Nowadays, with the widespread use of cellphones and other battery-powered electronic devices, battery fuel gauging is paid with more and more attention by developers of electronic devices. As is shown in FIG. 1, which is a structural diagram of a battery fuel gauging system in the prior art. Today's battery fuel gauging system generally comprises a microprocessor module 11, a current sensor module 12 and a current-sense resistor Rs. Due to the fact that the current-sense resistor Rs must be set inside the battery and the microprocessor module 11 is directly powered by the battery, the battery fuel gauging system can only be located inside the battery. The microprocessor module 11 can keep data exchange via the universal communication interface with the processor of the electronic device. When the battery fuel gauging system is working properly, it needs to continuously collect a terminal voltage between the two terminals of the current-sense resistor Rs, and calculate the real-time current in order to get the remaining charge in the battery. When the entire electronic device is turned into a sleep mode, a standby mode or a ultra-low-power mode, the battery fuel gauging system will still collect the terminal voltage and utilize the SOC-OCV relevance, i.e., the relevance between state of charge and open-circuit voltage in order to correct the charge estimation offset.

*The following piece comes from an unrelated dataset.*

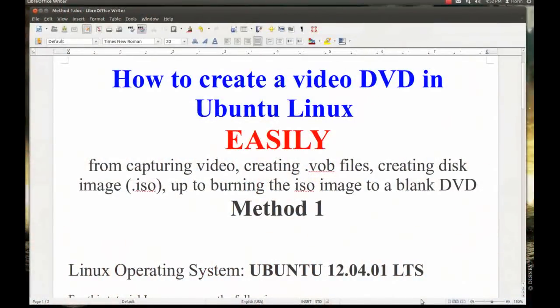In this tutorial I will try to show you how to create a video DVD in Ubuntu Linux. It's very easy.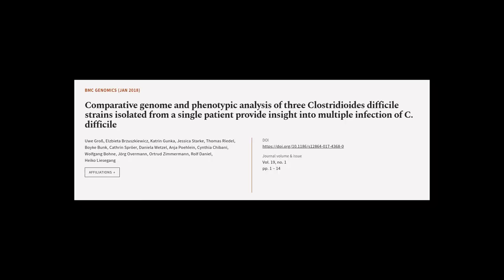This article was authored by Uwe Gross, Elspieta Brzeskiewicz, Katrin Gunker, and others.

While the prior art has at least the following disadvantages:
1. The battery fuel gauging system in the prior art has relatively high power consumption. Specifically, when the system is working, it needs to monitor in real time the magnitude of the current; otherwise the charge amount cannot be accurately accumulated. Thus, the sampling system must be kept in a real-time working condition, in other words, the sampling module must be working in a continuously active state, and this leads to the consequence that the system's overall power will always remain at a relatively high level and it is impossible for the system to actively adjust its working state according to load conditions.
2. When the system is working, it cannot autonomously eliminate the inevitable long-term charge offset in current sampling, thus it cannot automatically correct the deviation under a normal working state. Since the current sense resistor itself has limited precision, the accumulated error caused thereby can only be corrected when the system is turned into the sleep mode, the standby mode or the ultra-low-power mode, by utilizing an open-circuit voltage acquired from voltage sampling to perform the charge correction. When the system is in a continuous working state or in a condition of repeatedly charging or discharging, then it cannot autonomously monitor the system error, thus affecting the precision when the system is working continuously or is being repeatedly charging or discharging. When the system is in the sleep mode, the standby mode or the ultra-low-power mode, the charge correction is generally performed in an abrupt manner, i.e., the charge update is performed immediately after the sampling is completed, thus, the display of the charge level would change abruptly when the electronic device is switched on or off.
3. The battery fuel gauging system in the prior art can only be set inside the battery.